Snell Wilmer by Janet E. Barton Stephanie R. Derby Attorneys for Defendants-Appellants.
¶ 1 Alexander S. Short and Phyllis M. Short (“the Shorts”) appeal from summary judgment on their claim for a refund of Arizona resident individual income taxes assessed when the Arizona Department of Revenue (“ADOR”) disallowed a tax credit claimed on their 1989 return. The claimed credit was for “net income taxes imposed by and paid to another state or country on income taxable under this chapter . . . .” Ariz. Rev. Stat. Ann. (“A.R.S.”) § 43-1071(A) (Supp. 1997) (“§ 43-1071(A)”). We must decide whether the tax court erred by ruling that the Canadian income tax withheld from Mr. Short’s Canadian military pension in 1989 did not qualify the Shorts for that credit. For the reasons that follow, we affirm the tax court.
FACTS AND PROCEDURAL HISTORY
¶ 2 In 1989, the Shorts resided in Arizona. During that year, the Canadian government paid military pension benefits to Mr. Short. As required by section 215(1) of Part XIII of the Canadian Income Tax Act, the Canadian government withheld from each pension payment certain taxes on Canadian-source income imposed on nonresidents of Canada under section 212(1)(h) of Part XIII.
¶ 3 The Shorts had the option to avoid these taxes by electing, pursuant to section 217 of Part XIII, to file a return and be taxed instead under Part I of the Canadian Income Tax Act, entitled “Income Tax.” They chose not to do so.
¶ 4 In completing their 1989 Arizona return, the Shorts deducted Mr.
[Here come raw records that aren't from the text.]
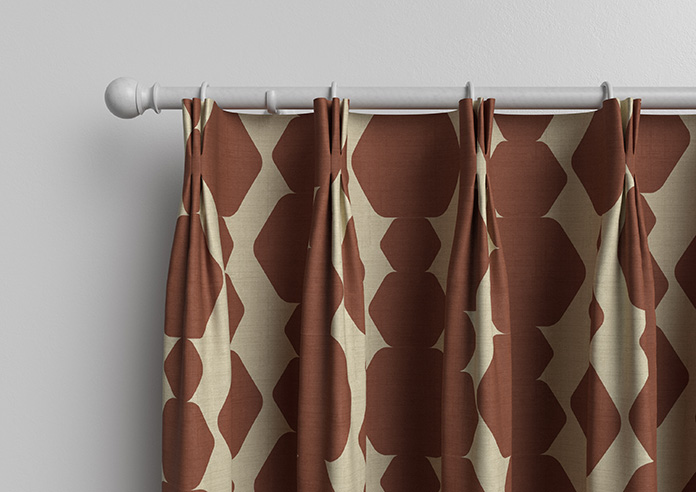 Construct, Burnt Orange - Made to Measure Curtains - Image 11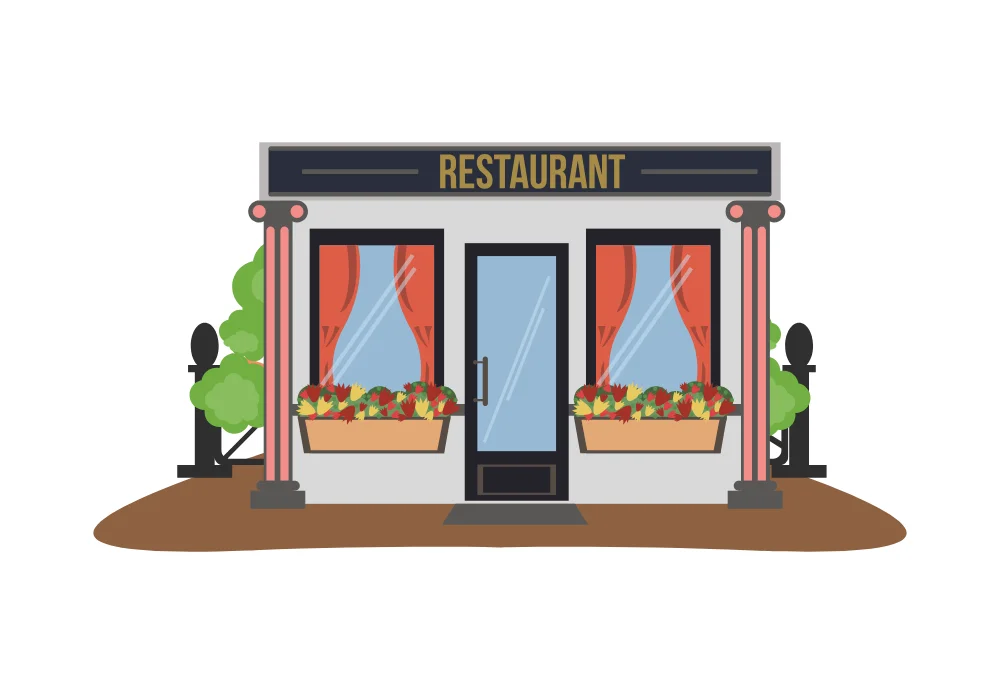 Restaurant Storefront Illustration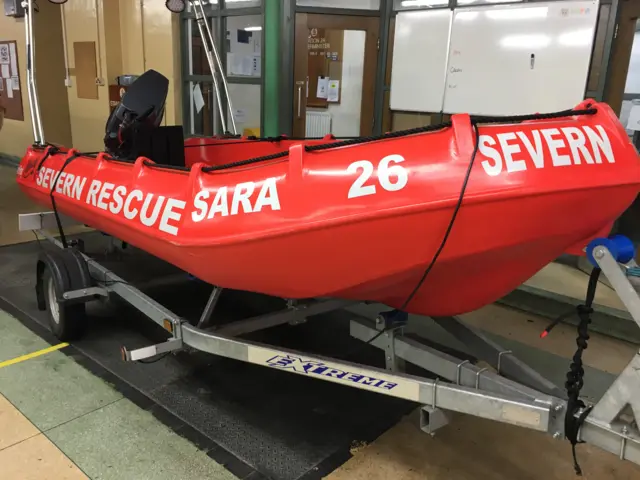 Severn Area Rescue Association boat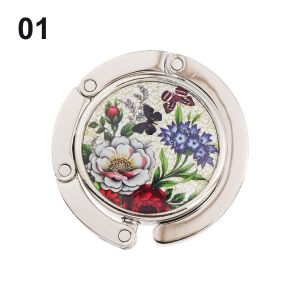 YIYIUR โลหะ พกพา พับ คริสตัล ตะขอตั้งโต๊ะ ที่แขวนโต๊ะ ตะขอเกี่ยวกระเป๋าโต๊ะ ที่แขวนกระเป๋า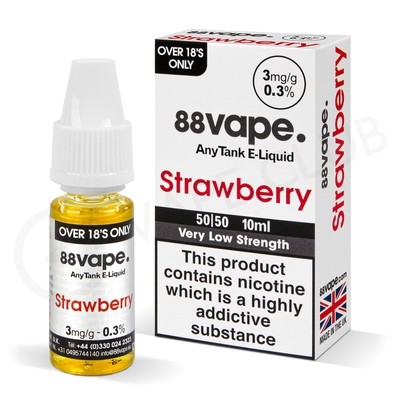 Sweet Strawberry E-Liquid by 88Vape Any Tank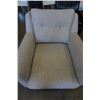 Image 2 : STRUCTUBE MID CENTURY STYLE GREY UPHOLSTERED ARMCHAIR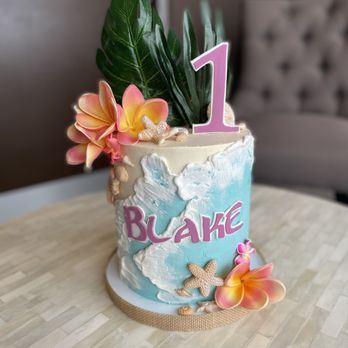 Flavor Cupcakery - a cake decorated with flowers - Custom Cakes Near Me - Bel Air, Maryland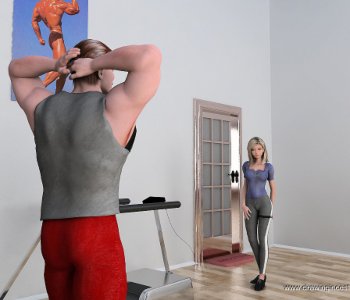 Dads and daughters co-training makes the body shape better, and the sexual life colorful Porn Comics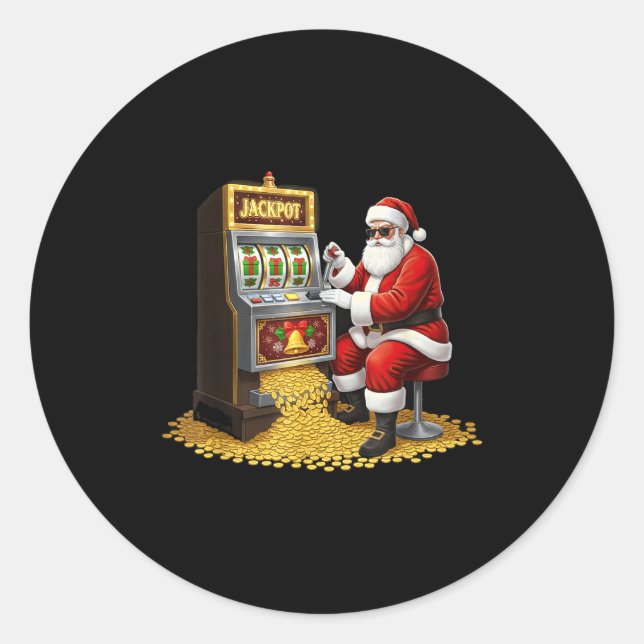 Adesivo Funny Slot Machine Santa Christmas Graphic Casino  (Frente)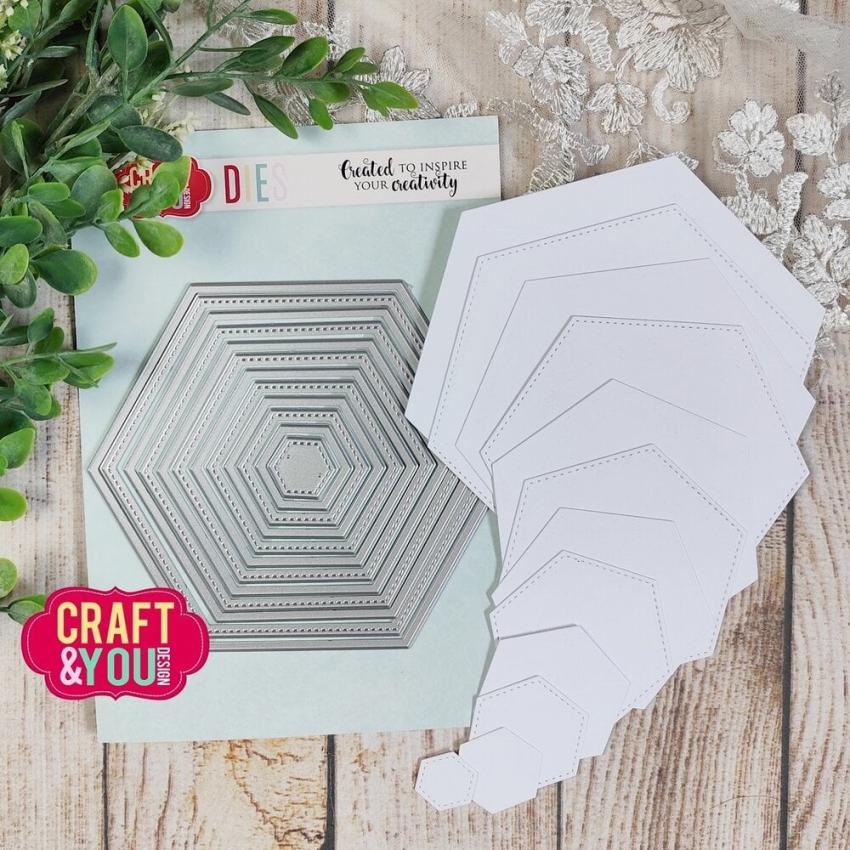 Craft & You Design - Stanzschablone "Hexagon Base" Dies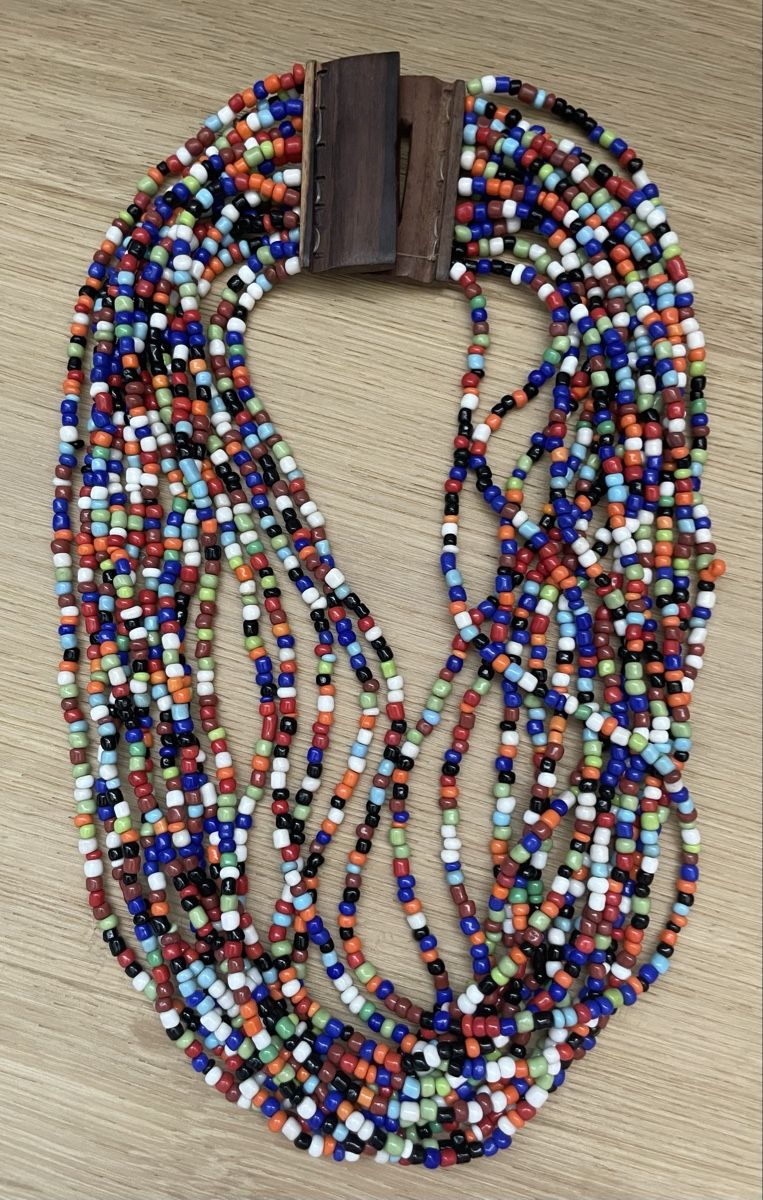 Altri gioielli: Colourful Statement Beaded Necklace & Bracelet Set – Nuovo (secondo la descrizione) da Embrach venduto da lau_2gtp 6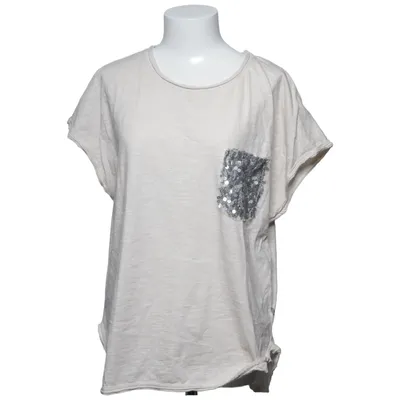 T-shirt (Beige) van Heart Kiss Katoen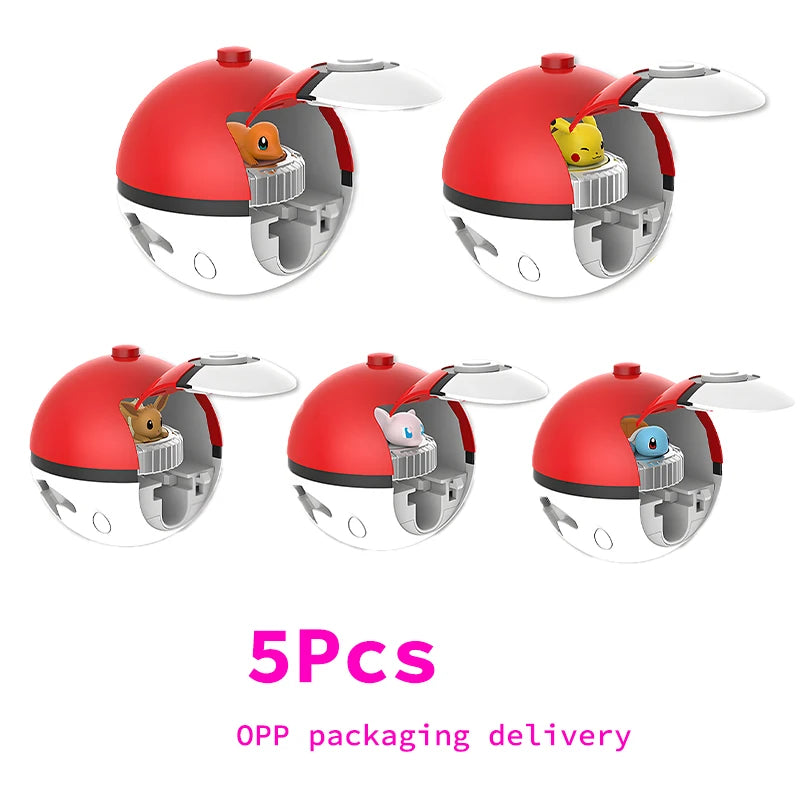 Original Pokemon Pikachu Spinning Top Arena Cartoon Anime Figure Pull Monster Elf Ball Battle Game Boy Kids Child Birthday Gift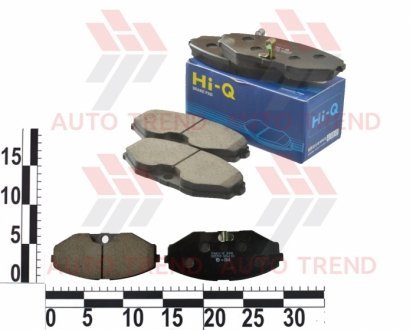 Тормозные колодки дисковые передние HI-Q SP1600 (фото 1)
Short’s total 1989 Canadian military pension benefits of $20,481.21 from their actual federal adjusted gross income of $58,845.80. Their resulting federal adjusted gross income was $38,364.59.
¶ 5 ADOR disallowed the deduction and assessed the Shorts $2,188.41 for additional taxes, a ten percent late payment penalty, and interest. The Shorts paid the assessment and filed a protest, contending that they were entitled to a credit against their Arizona income tax liability equal to the Canadian tax that was withheld from Mr. Short’s pension. ADOR prevailed on the protest.
¶ 6 On appeal, Division Two of the State Board of Tax Appeals ruled for the Shorts. ADOR therefore appealed to the tax court. On cross-motions for summary judgment, the tax court ruled for ADOR. It held:
The issue . . . is whether “net income taxes imposed” means the taxpayer gets a credit only when Canada imposes its tax on net income.
The phrase obviously can be read two ways: (1) that a credit is given only when the other country imposes its tax on net income, and (2) a credit is imposed on the net sum the other country ends up taking from the taxpayer (taxes minus credits or refunds given by the other country, which subsection B of A.R.S. § 43-1071 provides for).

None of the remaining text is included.